You stand motionless, enveloped fully within the final death throes of daylight tinged orange, the last gasping a hot southerly breath rustling amongst the cotton fields, whispering upon your neck a merciful requiem for twilight. The gentle flapping of sweat-stained shirttails laps at the perspiration cascading down your back as you draw the hot night deep into your chest, holding in the fragrance of the sun-parched grasses, cleaving to it in a desperateness to become a part of it, to stand as witness before the lateness of the hour and testify that neither it, nor I, will go quietly into the night; its death will not have been in vain for I stood my ground and as God is my witness…

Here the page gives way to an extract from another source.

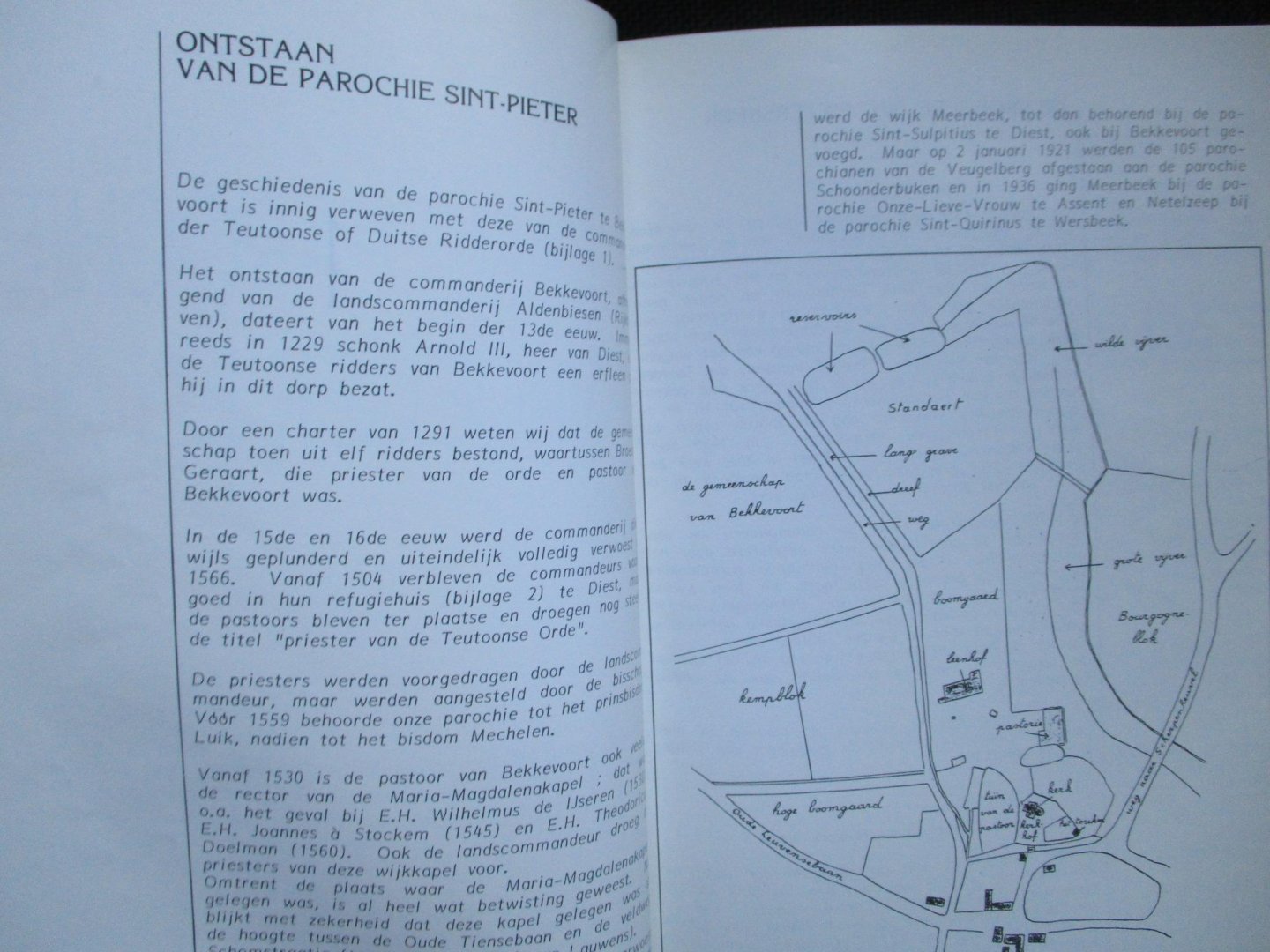 Hendrickx,  Jean, René Kleynen, Michel Vandersijpen, Leen Verreycken, e.a. - Onze parochie Sint-Pieterskerk Bekkevoort vroeger en nu. 1887-1987.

And it is in that moment, when train and twilight are on the same plane of disappearance, we realize the fallacy of permanence.
We linger at field’s edge, the warmth of the day still fresh upon our face, and we watch them both cede to the inevitable; one’s passing punctuated by the nocturnal visitation of the overhead constellations as ochre fades to black; the other by the mournful trumpeting at a distant country grade crossing as the drone of diesel motors and the whir of roller bearings fades downgrade into the darkness, dissipating into nothingness on the hot southerly exhalation of evening, leaving only the night critters to concert amongst the rustling cotton.
And as we stand as witness in the Texas-hot summer twilight, amid the gentle flapping of damp shirttails comes the reminder that time, like all glory, is fleeting.
It is for us to save a piece of it for our memories.
Rick Malo©2019
Two miles west of Lockhart, Texas, an empty rock train glides across the cotton fields on its southbound way down Union Pacific’s Lockhart Sub at 8:44 on the Saturday evening of July 20th, 2019.